Pemeriksaan ini dilakukan untuk menggali informasi mendalam terkait mekanisme pembagian kuota haji tambahan yang terjadi pada tahun 2022 silam.
Juru Bicara KPK, Budi Prasetyo, menjelaskan bahwa keterangan Muhadjir sangat dibutuhkan penyidik untuk membedah regulasi dan prosedur yang berlaku saat itu. Kapasitas Muhadjir dalam perkara ini adalah sebagai mantan Menteri Agama Ad Interim yang sempat menjabat singkat pada tahun 2022.
“Kami meminta keterangan beliau guna melihat bagaimana proses dan mekanisme yang semestinya berjalan, khususnya terkait tata kelola pembagian ketika Indonesia mendapatkan kuota haji tambahan,” ujar Budi kepada awak media di Jakarta.
Respons Muhadjir Effendy Usai Diperiksa
Ditemui usai memberikan keterangan, Muhadjir Effendy mengaku hanya dicecar beberapa pertanyaan oleh penyidik. Ia mengonfirmasi bahwa posisinya sebagai menteri temporer kala itu memang sangat singkat.
“Tidak banyak pertanyaan. Saya kan menjabat sebagai ad interim hanya selama 20 hari, yaitu dari tanggal 30 Juni sampai 19 Juli 2022,” ungkap Muhadjir.
Mantan Menko PMK ini juga membeberkan alasannya mendadak hadir ke KPK hari ini. Padahal, sebelumnya ia sempat mengajukan permohonan penjadwalan ulang kepada penyidik. Muhadjir memilih kooperatif demi menghindari spekulasi publik yang liar.
“Sebenarnya saya sudah mengajukan penundaan. Namun, melihat ramainya pemberitaan dari teman-teman media, saya merasa kurang nyaman. Jangan sampai muncul kesan saya mangkir atau menghindari pemeriksaan.
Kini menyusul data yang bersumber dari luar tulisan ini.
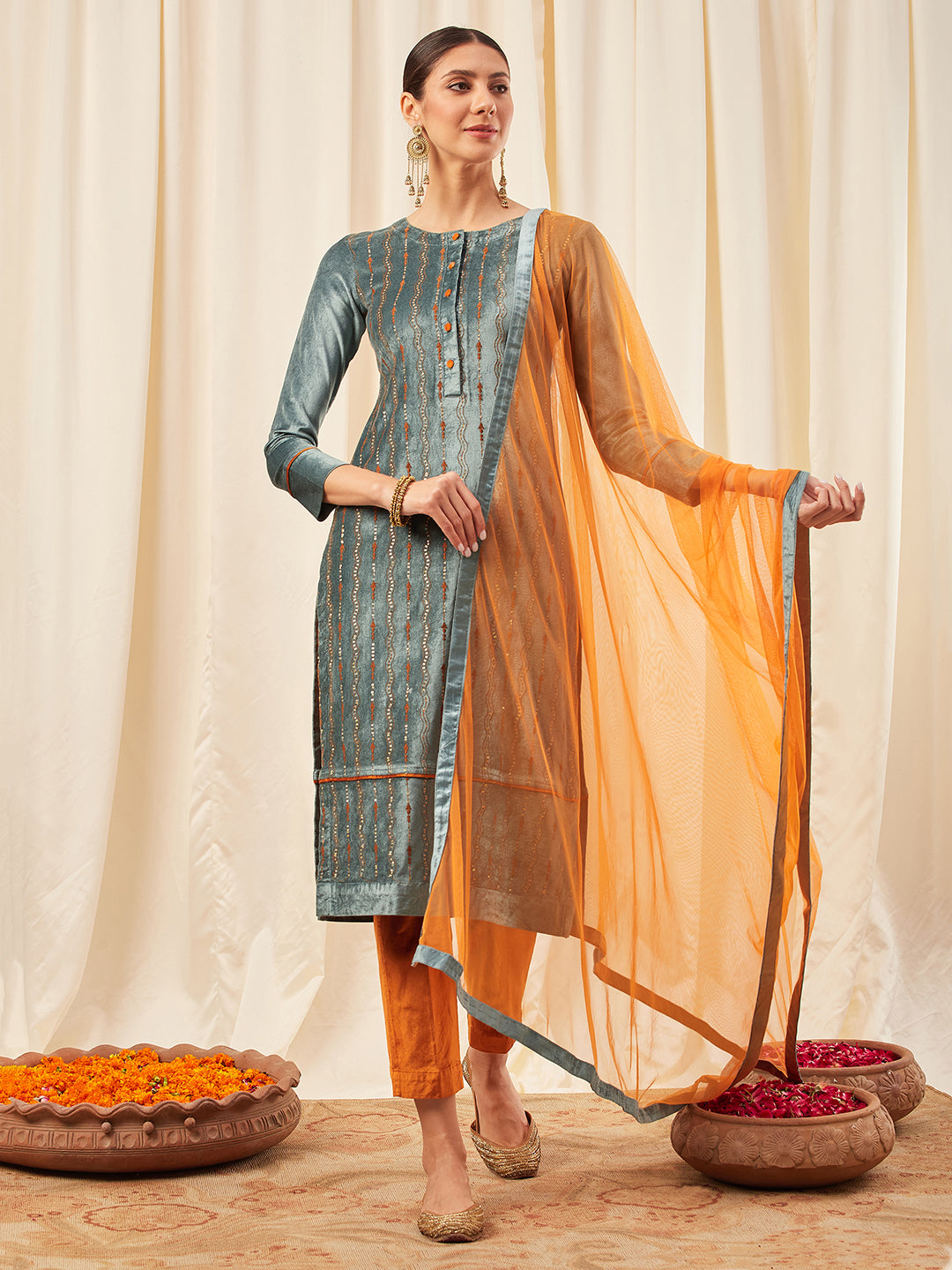 Amazon.com: Prija Collection Ready to Wear Indian Pakistani Ethnic Wear  Designer Punjabi Salwar Kameez Patiala Suit for Women : Clothing, Shoes &  Jewelry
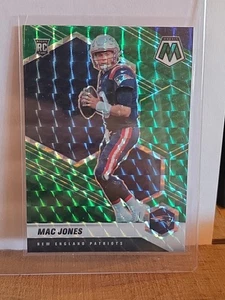 2021 Panini Mosaic Mac Jones VERDE Prizm RC #306 Patriots - Foto 1 di 2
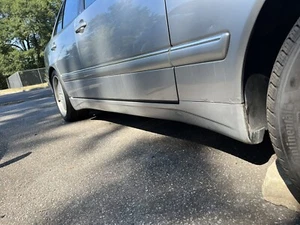 1996-1999 Mercedes-Benz W210 E55 AMG SKIRT Rocker Panel E420 E430 E320 Genuine R - Picture 1 of 6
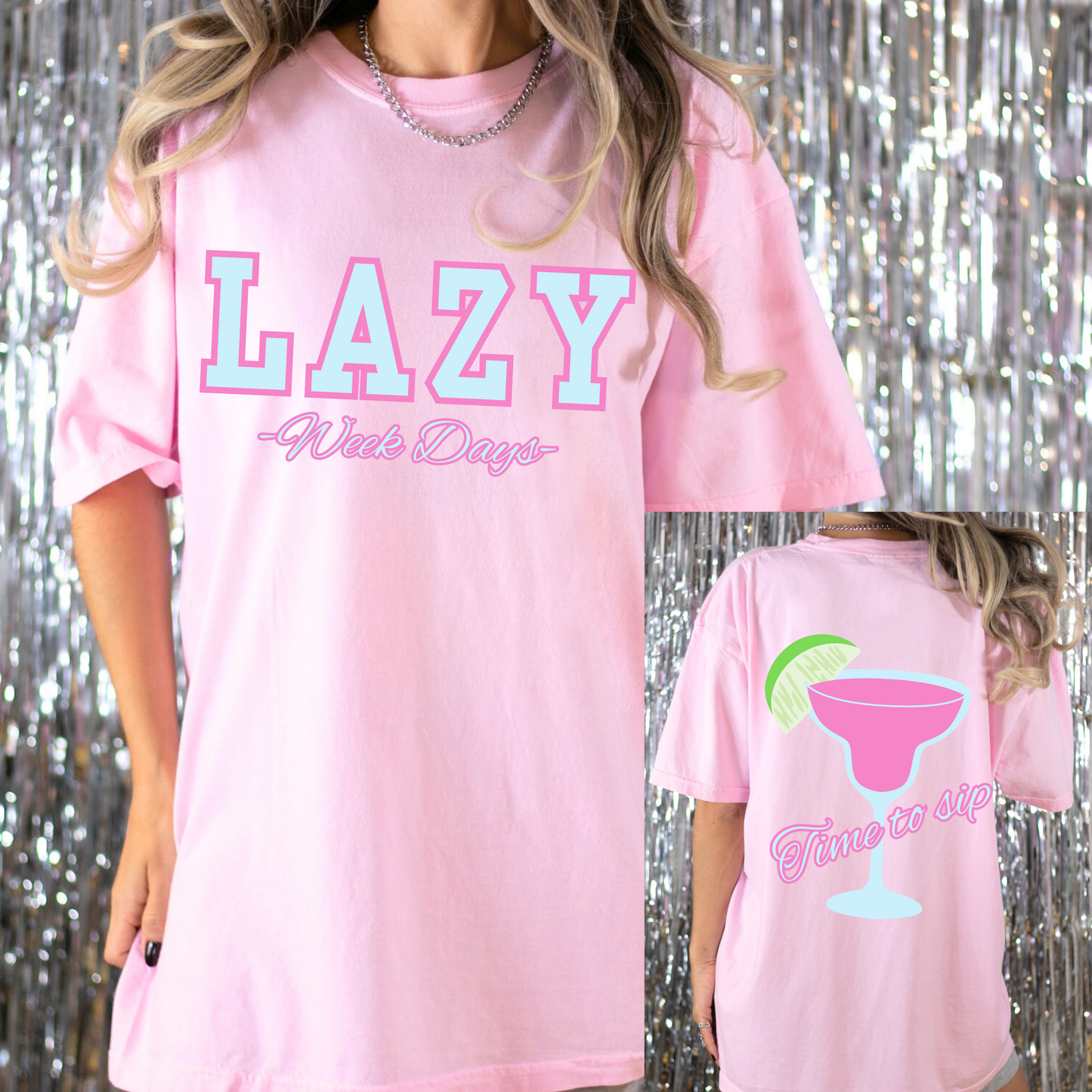 Lazy weekdays drinking shirt T-shirt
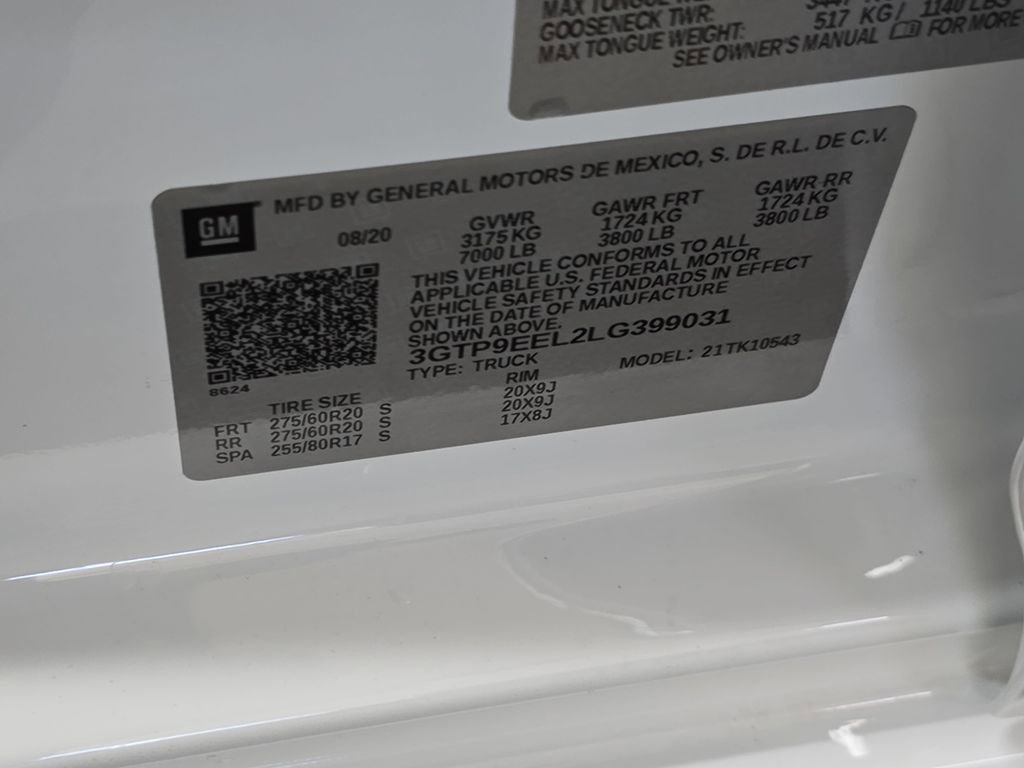 Used 2020 GMC Sierra 1500 AT4 w/ AT4 Premium Package image 32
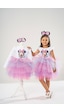 Yağmur Kostütüm Minnie Mouse Uzun Kollu Doğum Günü Elbisesi Ve Parti Kostümü Beyaz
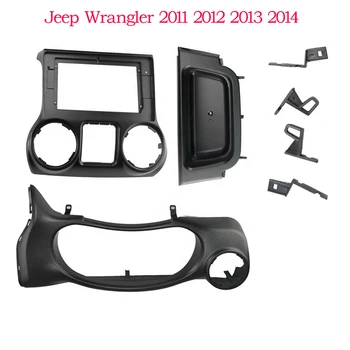 BYNCG 10.1 Inch 2 Din Autós Fascia Kábel Jeep Wrangler 2011 2012 2013 2014 Panel CD-t, DVD-Lejátszó Audio Frame Dashboar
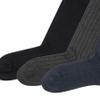 Polo Men's Solid Ribbed Crew Socks 3 Pair Pack, Brown Assorted, Men's Shoe Size: 6-12 view 3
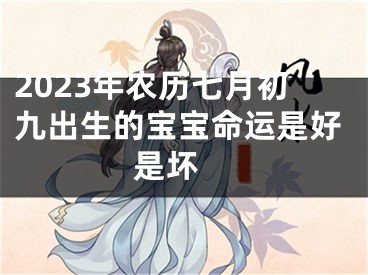 2023年农历七月初九出生的宝宝命运是好是坏 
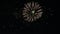 Real Firework close up on Deep Black Background Sky on Fireworks festival from river bank , Independence day and new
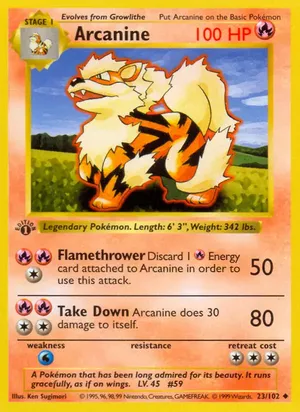 Arcanine - Ken Sugimori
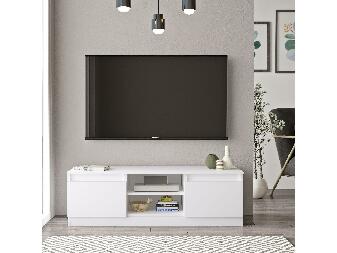 TV asztal/szekrény Badunu (fehér) 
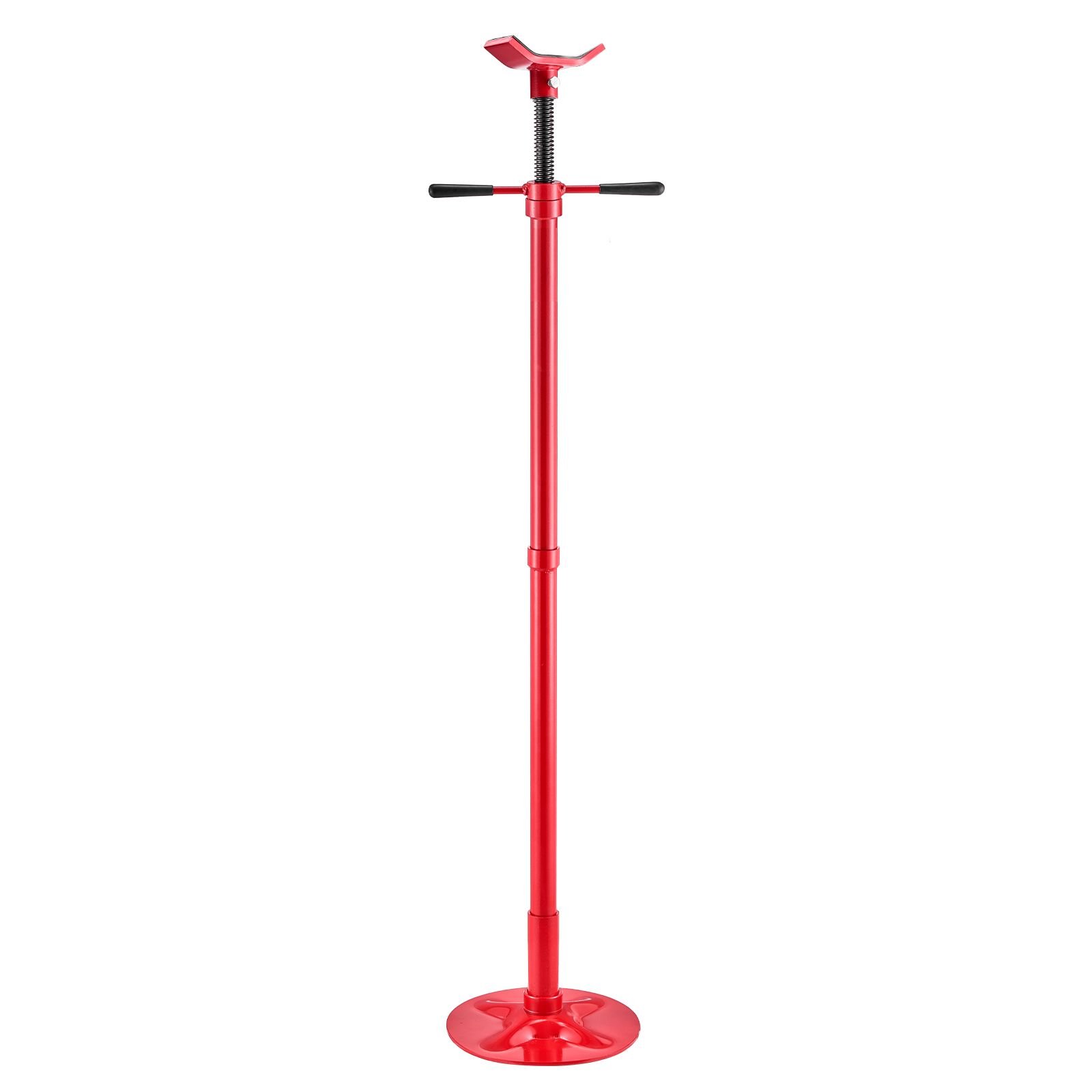 underhoist support stand, 1/2 ton (1102 lbs) capacity under hoist jack stand, lifting from 54.02" to 83.86", bearing mounted spin handle, self locking threaded screw, support vehicle components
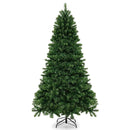 6/7/8 Feet Hinged Christmas Tree with PVC Branch Tips Warm White LED Lights by DirectDeals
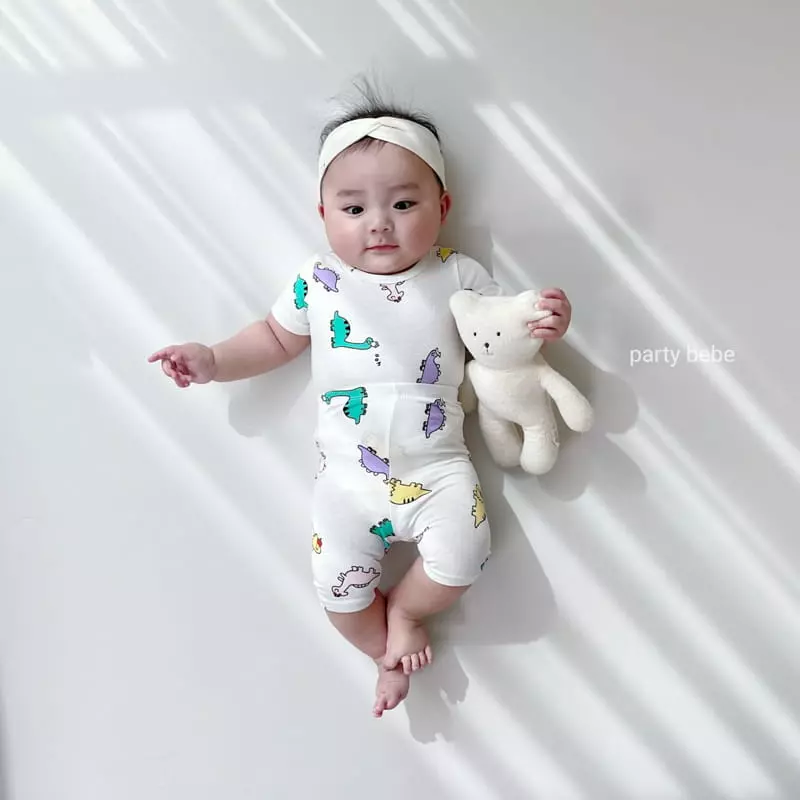 Party Kids - Korean Baby Fashion - #babyclothing - Dino Easywear - 7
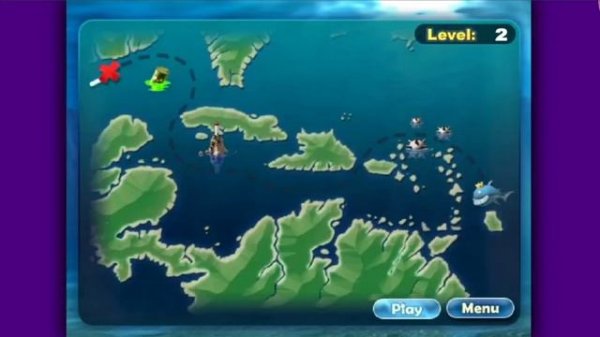 Рыбка ест рыбку. Fish Tales Deluxe. #1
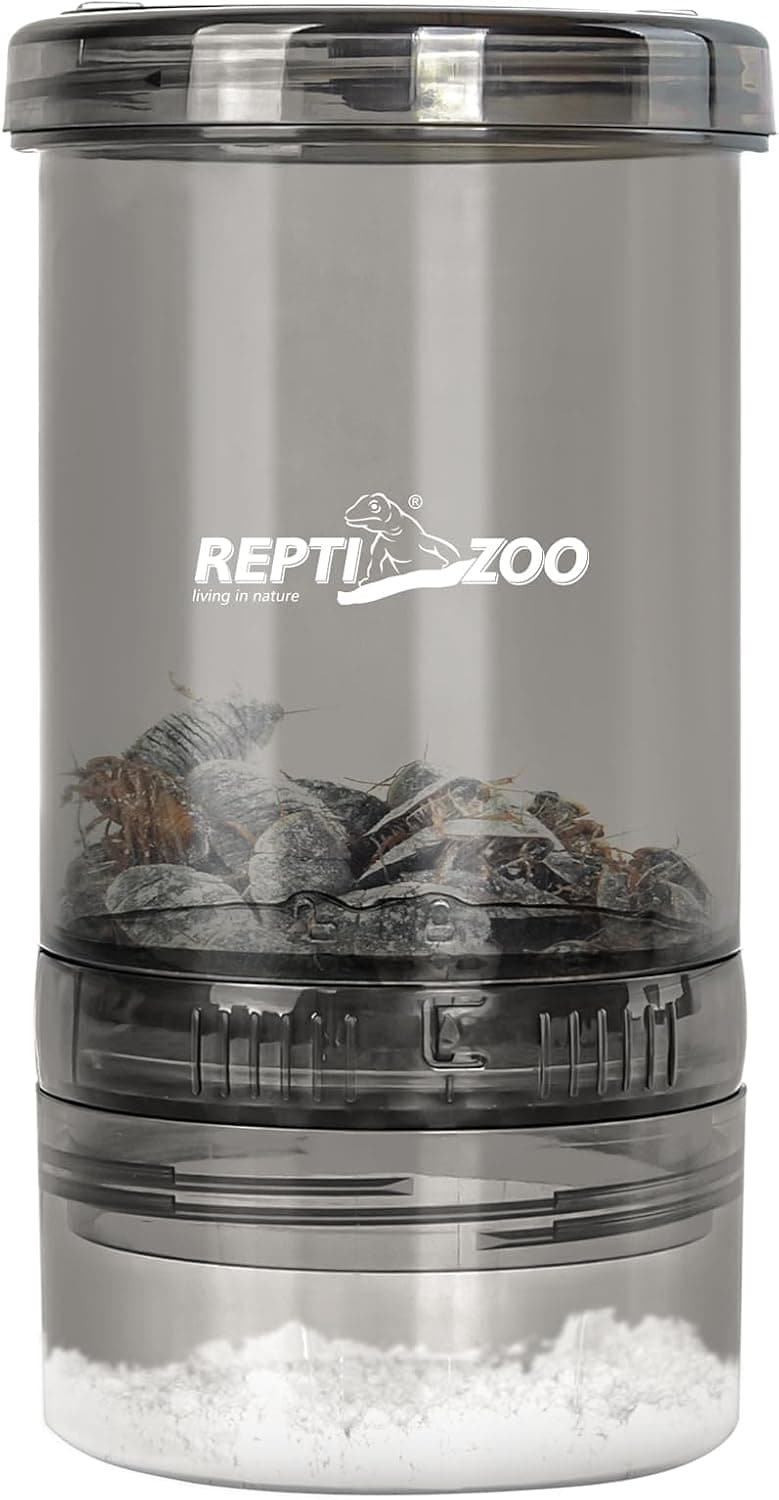 REPTI ZOO Reptile Cricket Calcium Powder Mixer, Cricket Keeper Shaker Dispenser Feeder for Bearded Dragon, Gecko, Snake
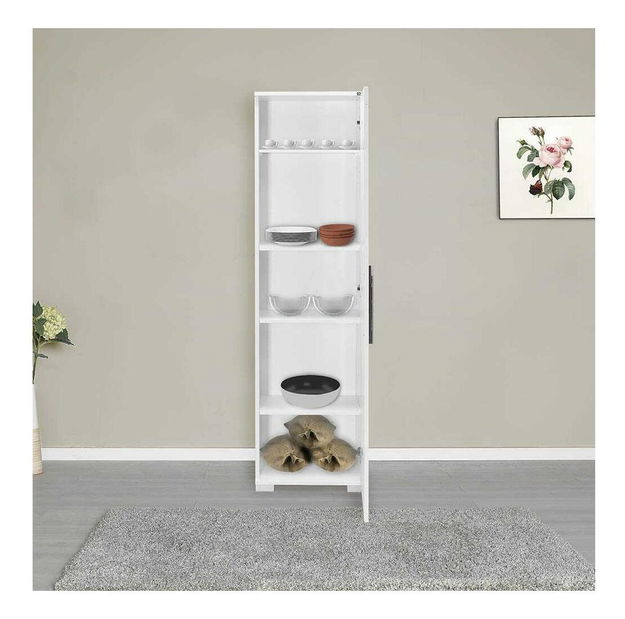 Ormar s policama Aderyn (bijela)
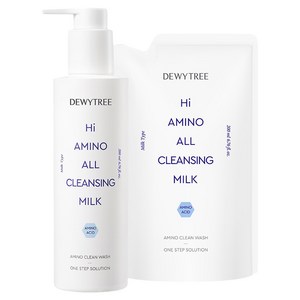 듀이트리 하이 아미노 올 클렌징 밀크 본품 200ml + 리필 200ml 세트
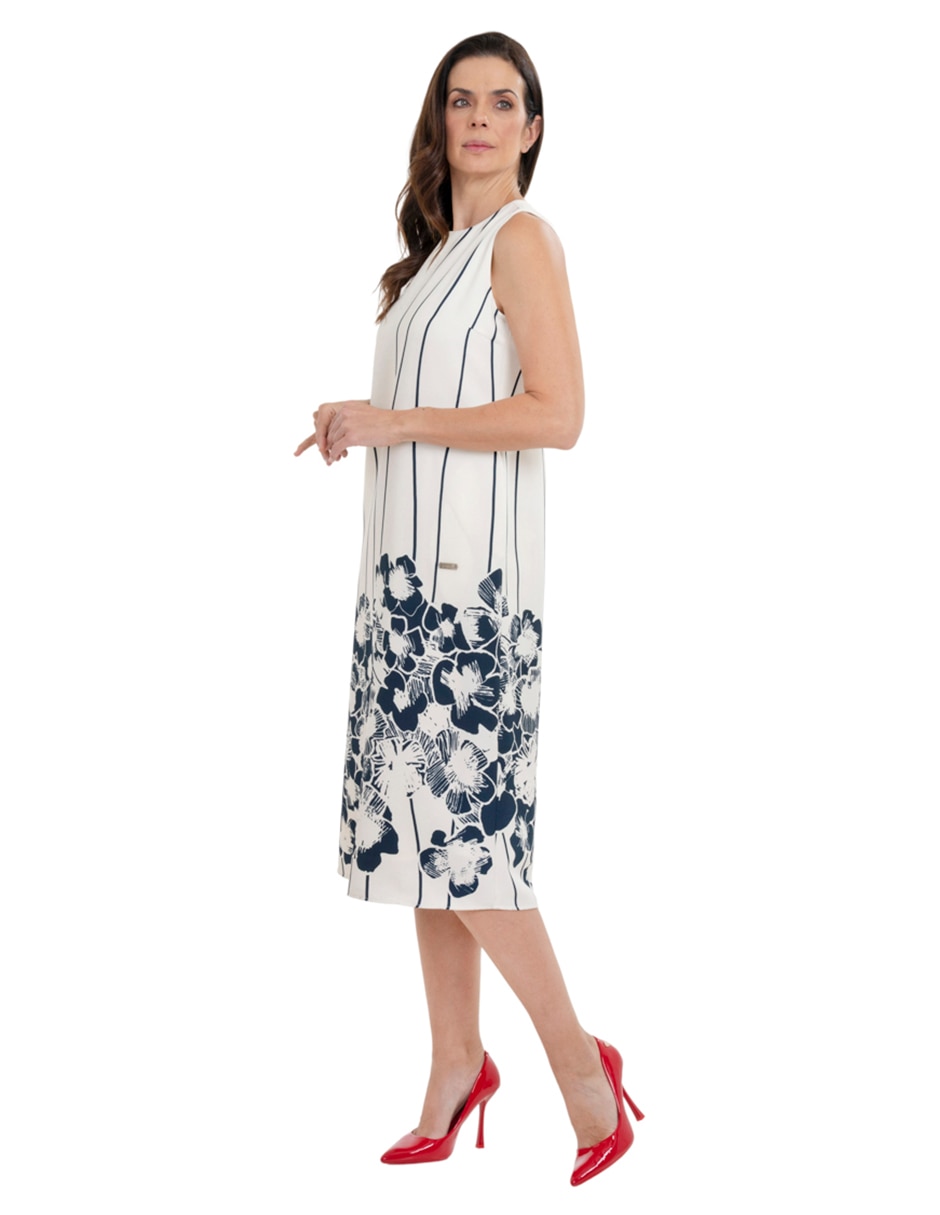 Vestido midi casual para mujer 4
Maka dari itu, saya minta waktu untuk langsung bertemu penyidik hari ini,” jelasnya.
Perkembangan Penyidikan dan Kerugian Negara
Kasus dugaan korupsi kuota haji periode 2023–2024 ini sendiri telah disidik KPK sejak 9 Agustus 2025. Berdasarkan hasil audit Badan Pemeriksa Keuangan (BPK) RI yang diterima KPK pada 27 Februari 2026, skandal ini diperkirakan telah merugikan keuangan negara hingga Rp 622 miliar.
Hingga saat ini, KPK telah menetapkan beberapa tersangka kunci dan melakukan penahanan, di antaranya:
- Yaqut Cholil Qoumas (Mantan Menteri Agama) – Ditetapkan sebagai tersangka pada 9 Januari 2026 dan ditahan di Rutan KPK sejak 12 Maret 2026. (Sempat dialihkan menjadi tahanan rumah pada 19 Maret, namun dikembalikan ke Rutan KPK pada 24 Maret 2026).
- Ishfah Abidal Aziz / Gus Alex (Mantan Staf Khusus Menag) – Ditetapkan tersangka pada 9 Januari 2026 dan ditahan sejak 17 Maret 2026.
- Ismail Adham (Direktur Operasional biro perjalanan Maktour) – Ditetapkan sebagai tersangka baru pada 30 Maret 2026.
- Asrul Aziz Taba (Ketua Umum Kesthuri) – Ditetapkan sebagai tersangka baru pada 30 Maret 2026.
Sementara itu, pemilik biro perjalanan Maktour, Fuad Hasan Masyhur, sejauh ini tidak ditetapkan sebagai tersangka dalam pusaran kasus ini, meskipun sebelumnya sempat terkena tindakan pencegahan ke luar negeri oleh pihak imigrasi atas permintaan KPK.
KPK menegaskan akan terus mengejar aset serta menuntaskan aliran dana dalam kasus ini demi memulihkan kerugian negara serta membenahi tata kelola penyelenggaraan haji di masa depan.